**What you need to do:**
Only the lines from the one with "Toilet Kamar Comfort" through the last line of the data below are to be duplicated, exactly and without pictures.

Collected material Start Marker

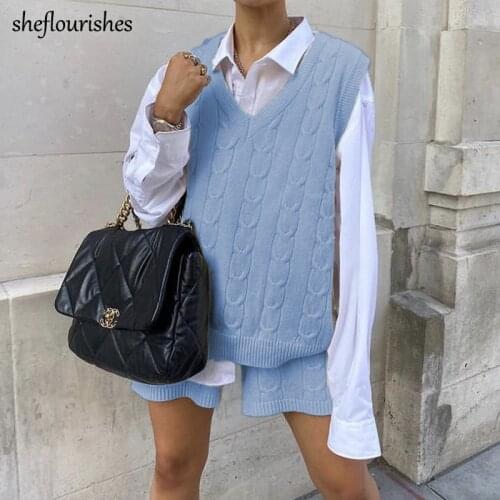 Vintage sweater set casual two piece set women sleeveless sweater oversized twist pullover korean high waisted shorts women blue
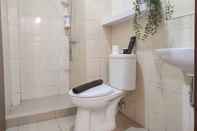 Toilet Kamar Comfort 2BR at Vida View Makassar Apartment By Travelio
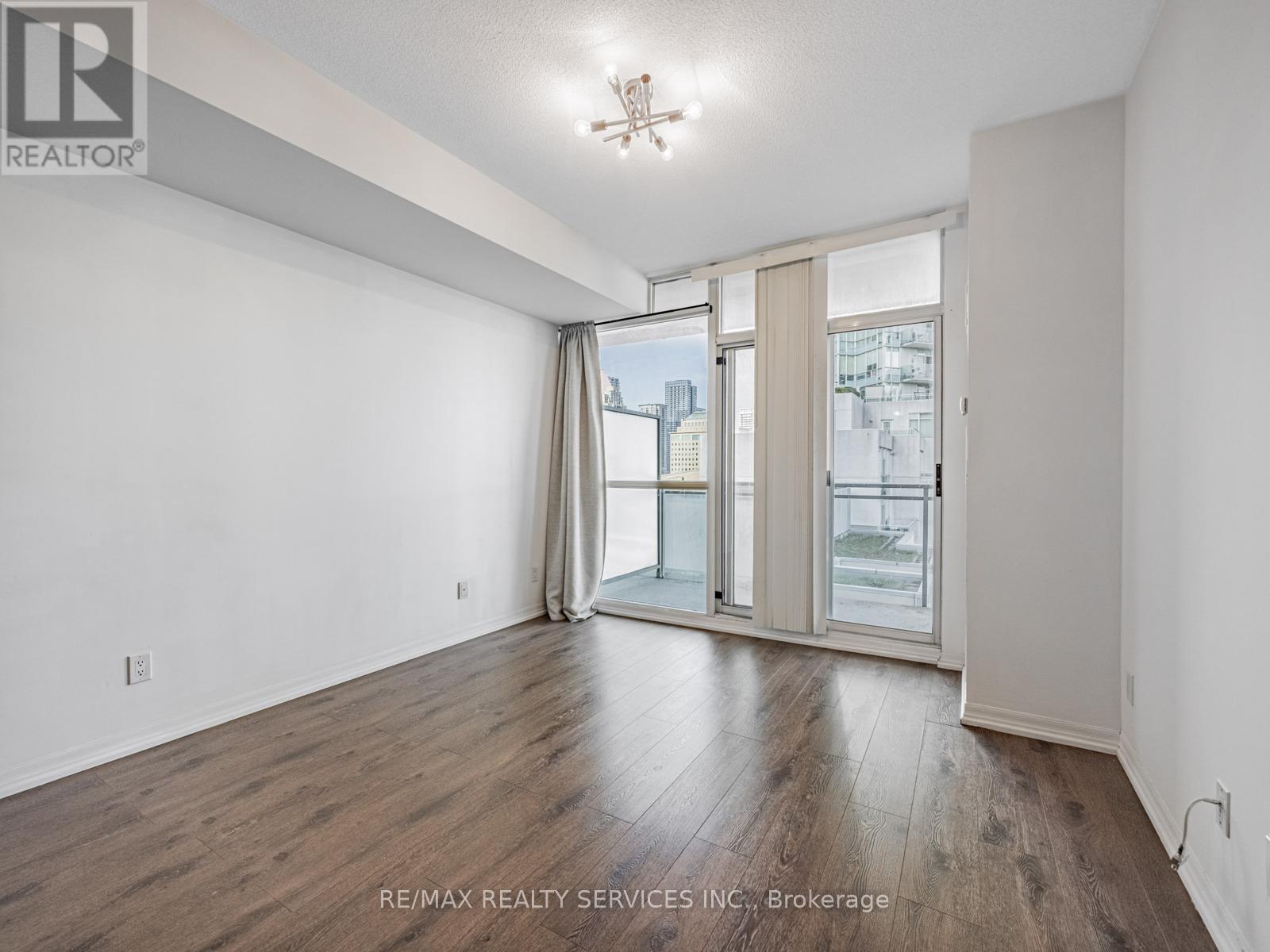 1004 - 225 Webb Drive, Mississauga, Ontario  L5B 4P2 - Photo 3 - W12459753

Collected material End Marker

**Solution to this problem:**
 Toilet Kamar Comfort 2BR at Vida View Makassar Apartment By Travelio
 1004 - 225 Webb Drive, Mississauga, Ontario  L5B 4P2 - Photo 3 - W12459753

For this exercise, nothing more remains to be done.